[Stored data]
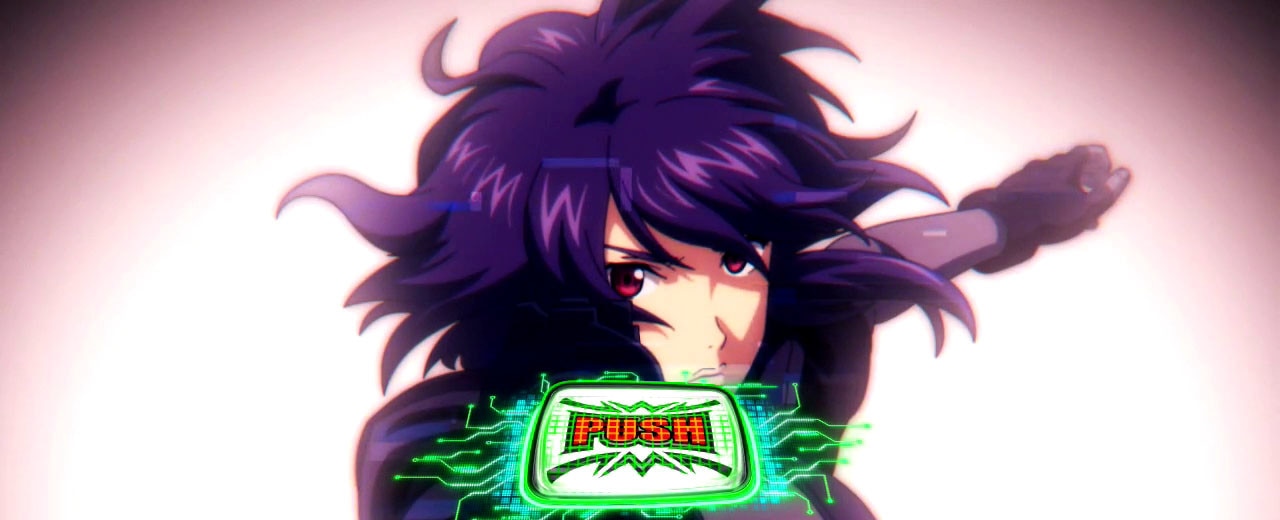 攻殻機動隊スマスロ 殲滅チャンス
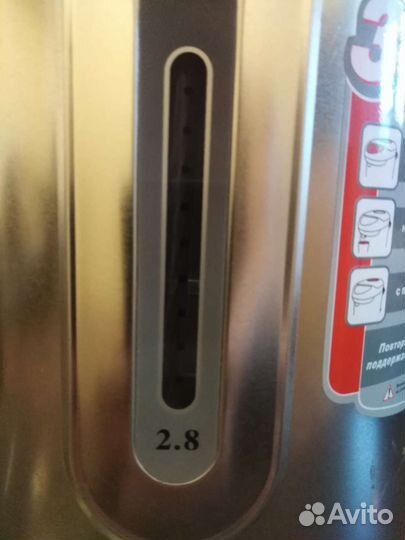 Термопот Чайник электрический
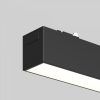 Трековый светильник Technical TR080-4-20WTW-B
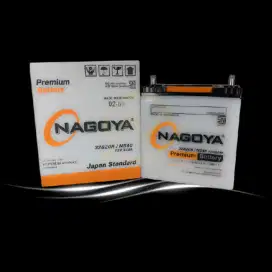 Promo aki nagoya ns40/40L 32 ah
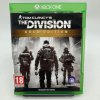 Stav C Tom Clancy's the Division kompletní (Xbox One)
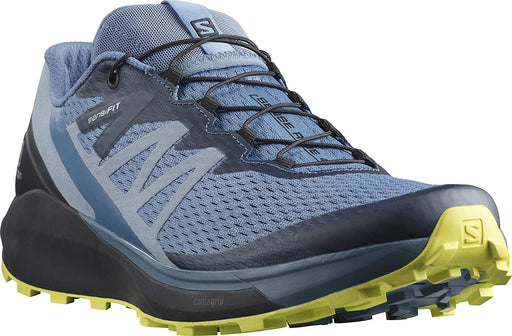 Salomon Men's Sense Ride 4 Trail Running Shoe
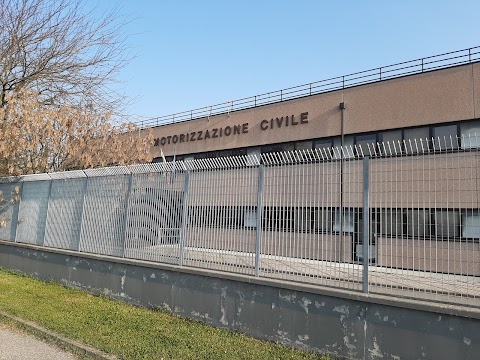 Direzione Della Motorizzazione Civile Trasporti - Cremona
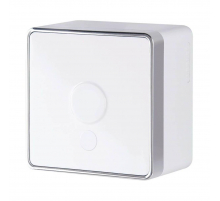 Вывод кабеля Werkel Gallant белый W5050201 4690389164293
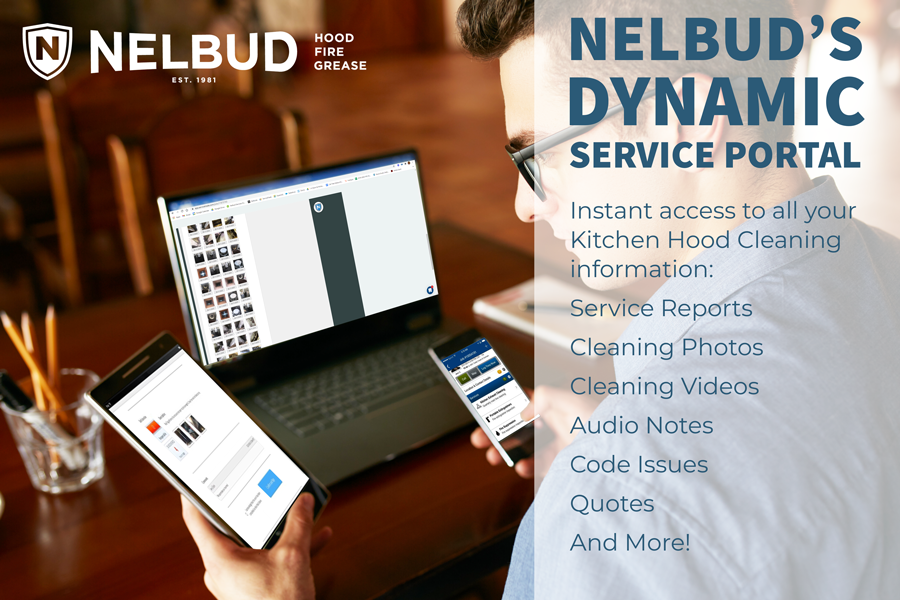 Nelbud Services Group tweet media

AIM OF THE EXERCISE:
The line containing "Трековый светильник Technical" and every line after it, through the end of the data, are to be output exactly. Omit the pictures.

WRITTEN ANSWER:
 Трековый светильник Technical TR080-4-20WTW-B
 Promo aki nagoya ns40/40L 32 ah
 Stav C Tom Clancy's the Division kompletní (Xbox One)
 Salomon Men's Sense Ride 4 Trail Running Shoe
 Direzione Della Motorizzazione Civile Trasporti - Cremona
 Вывод кабеля Werkel Gallant белый W5050201 4690389164293
 Nelbud Services Group tweet media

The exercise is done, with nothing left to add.